───── DATASET RECORDS
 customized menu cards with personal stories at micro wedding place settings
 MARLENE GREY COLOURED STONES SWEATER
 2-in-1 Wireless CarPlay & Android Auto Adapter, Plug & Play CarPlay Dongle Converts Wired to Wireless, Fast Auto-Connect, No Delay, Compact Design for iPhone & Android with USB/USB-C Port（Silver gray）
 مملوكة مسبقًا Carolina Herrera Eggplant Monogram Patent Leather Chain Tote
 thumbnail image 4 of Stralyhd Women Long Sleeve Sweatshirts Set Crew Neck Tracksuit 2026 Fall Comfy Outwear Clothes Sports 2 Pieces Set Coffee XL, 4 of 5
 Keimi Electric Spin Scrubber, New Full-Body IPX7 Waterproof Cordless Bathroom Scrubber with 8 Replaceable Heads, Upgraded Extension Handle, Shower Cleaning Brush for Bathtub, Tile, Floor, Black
──────────
───── DATASET RECORDS
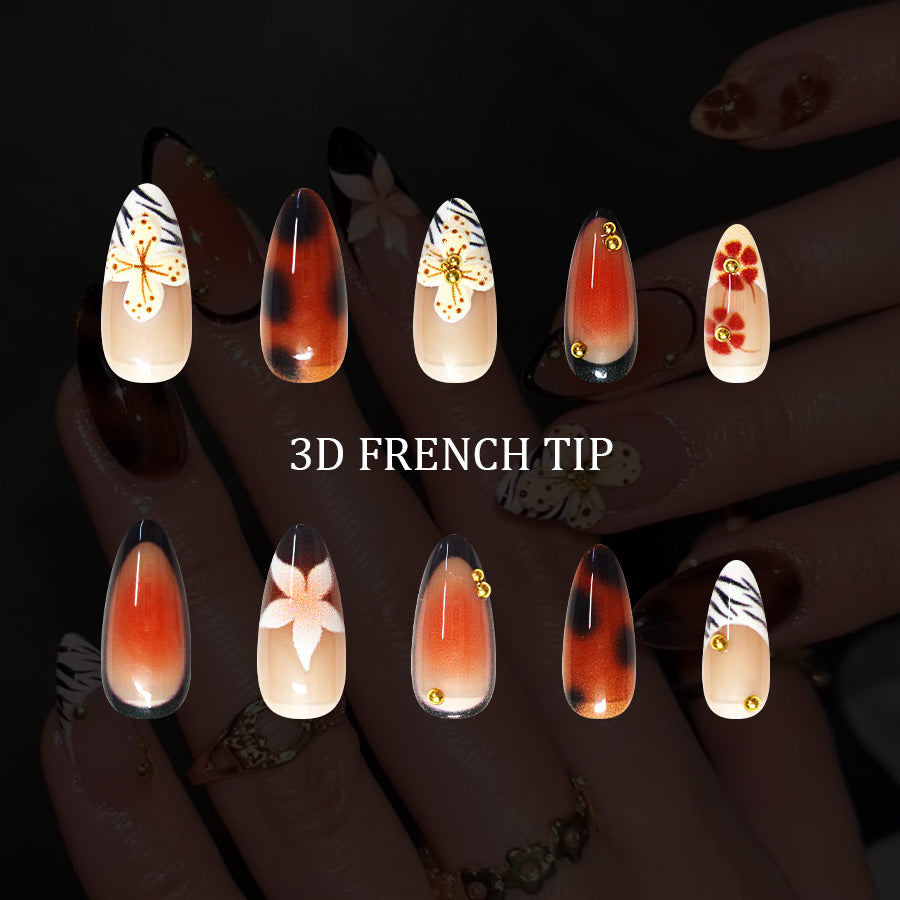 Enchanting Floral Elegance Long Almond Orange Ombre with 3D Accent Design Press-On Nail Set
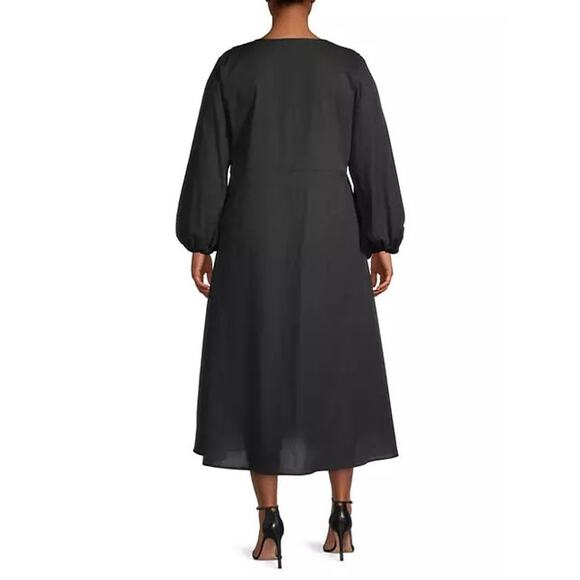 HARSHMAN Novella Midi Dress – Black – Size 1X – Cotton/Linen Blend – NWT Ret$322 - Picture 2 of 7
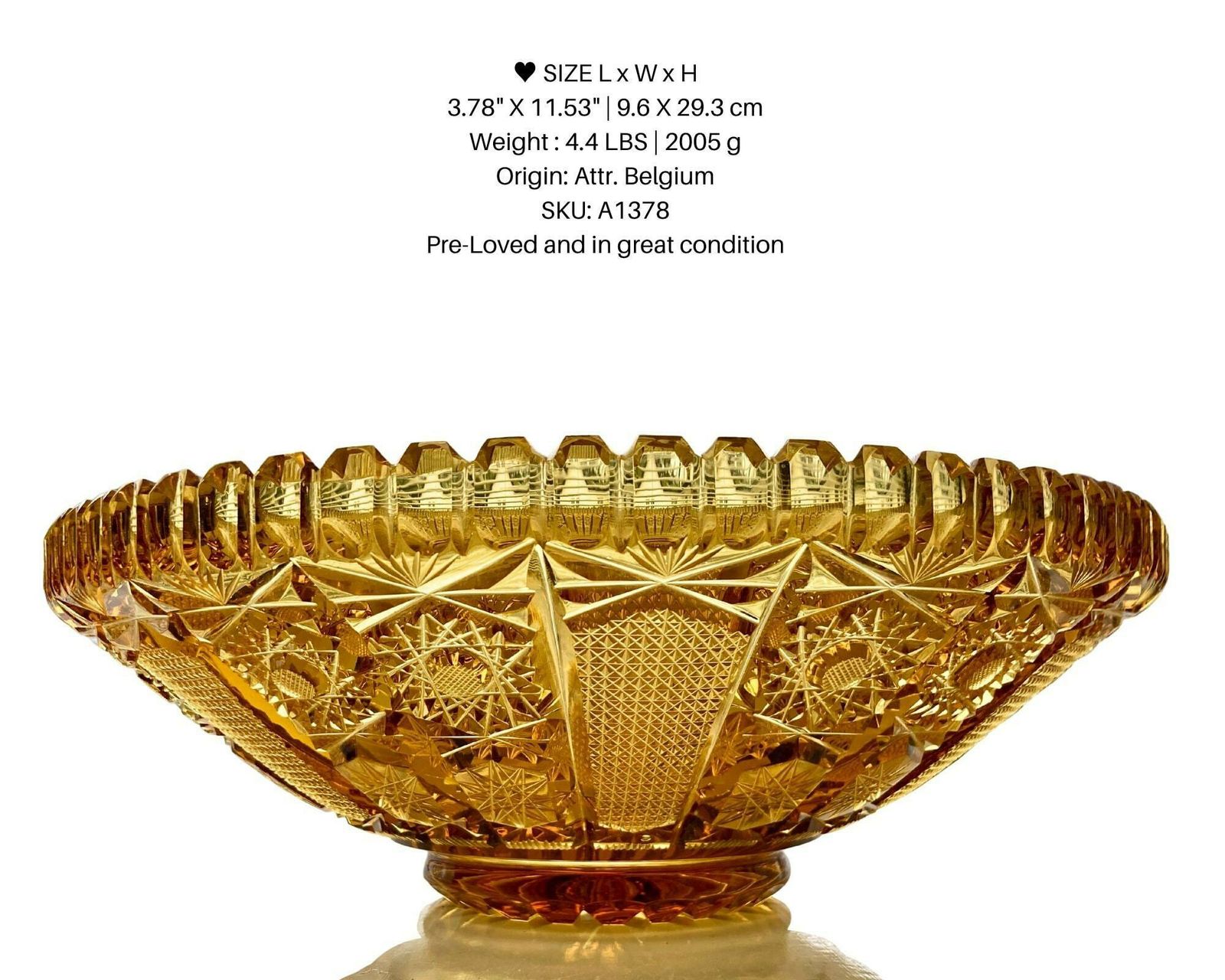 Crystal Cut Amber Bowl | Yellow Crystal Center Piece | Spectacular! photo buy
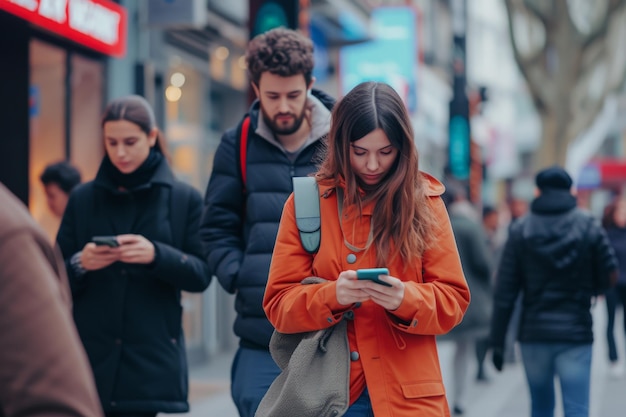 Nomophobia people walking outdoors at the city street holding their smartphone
──────────
───── DATASET RECORDS
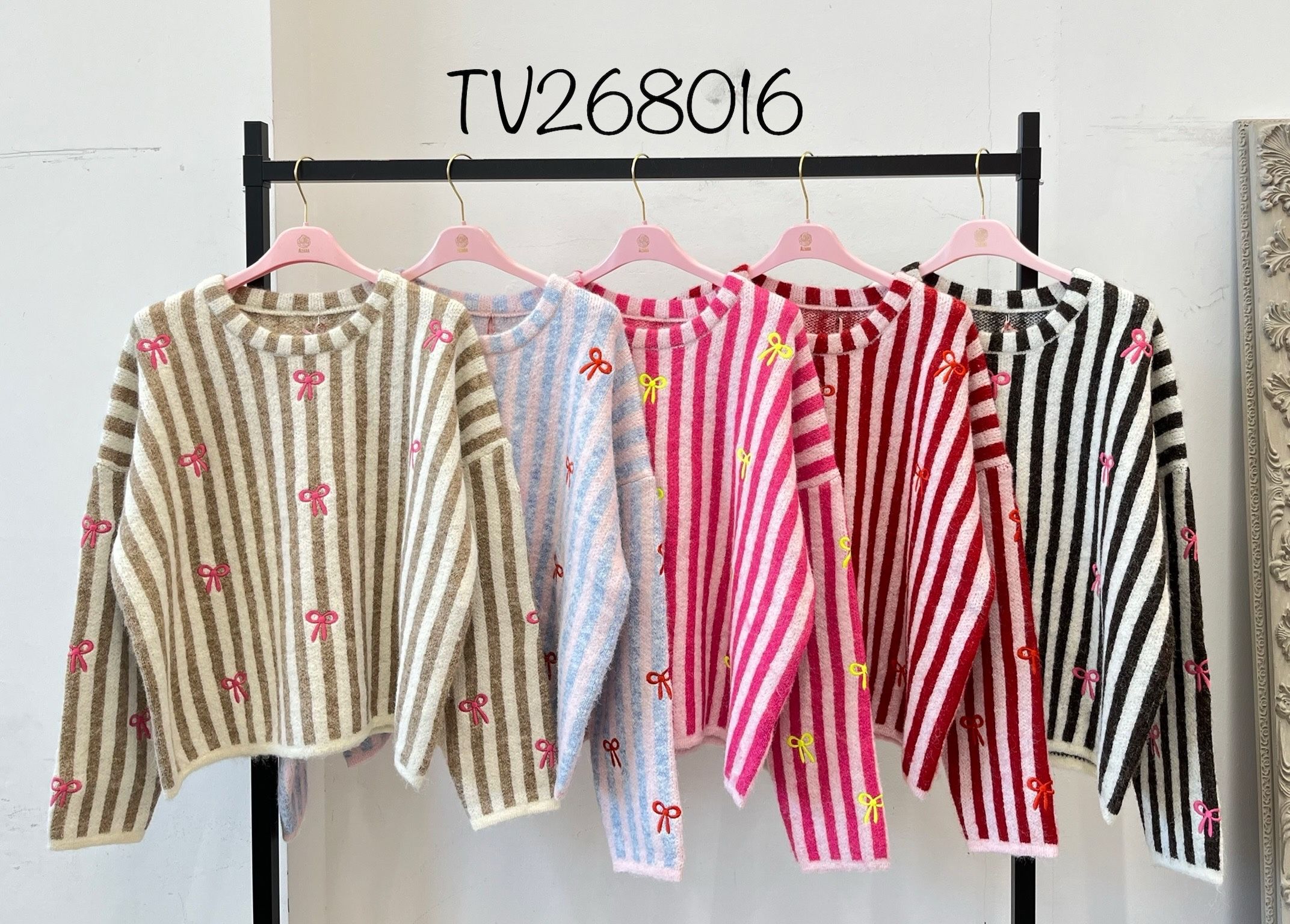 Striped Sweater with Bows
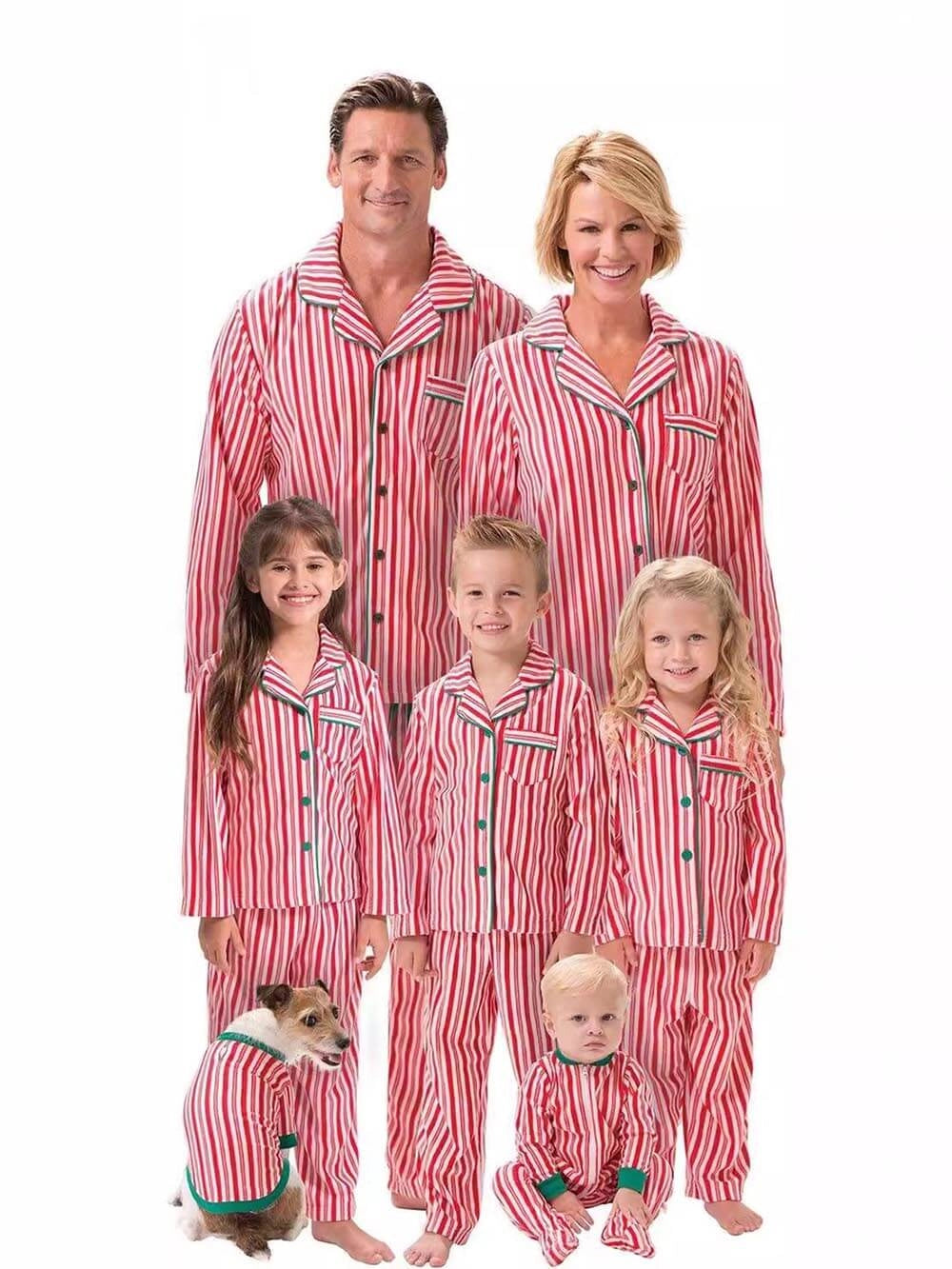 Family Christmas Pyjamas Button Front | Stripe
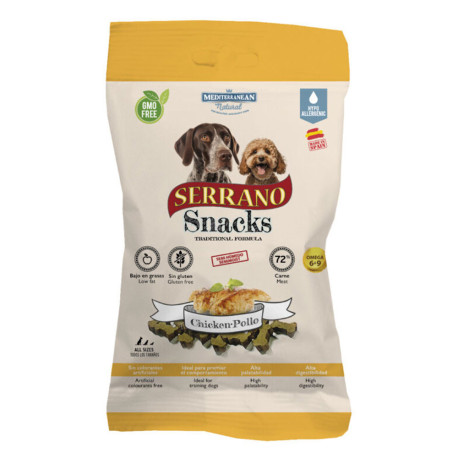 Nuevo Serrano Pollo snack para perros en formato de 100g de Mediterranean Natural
──────────
## WHAT TO WORK ON
From the data above, output exactly the lines between the one containing "thumbnail image 4" and the one containing "Keimi Electric Spin", counting both of them.

## RESPONSE BELOW
 thumbnail image 4 of Stralyhd Women Long Sleeve Sweatshirts Set Crew Neck Tracksuit 2026 Fall Comfy Outwear Clothes Sports 2 Pieces Set Coffee XL, 4 of 5
 Keimi Electric Spin Scrubber, New Full-Body IPX7 Waterproof Cordless Bathroom Scrubber with 8 Replaceable Heads, Upgraded Extension Handle, Shower Cleaning Brush for Bathtub, Tile, Floor, Black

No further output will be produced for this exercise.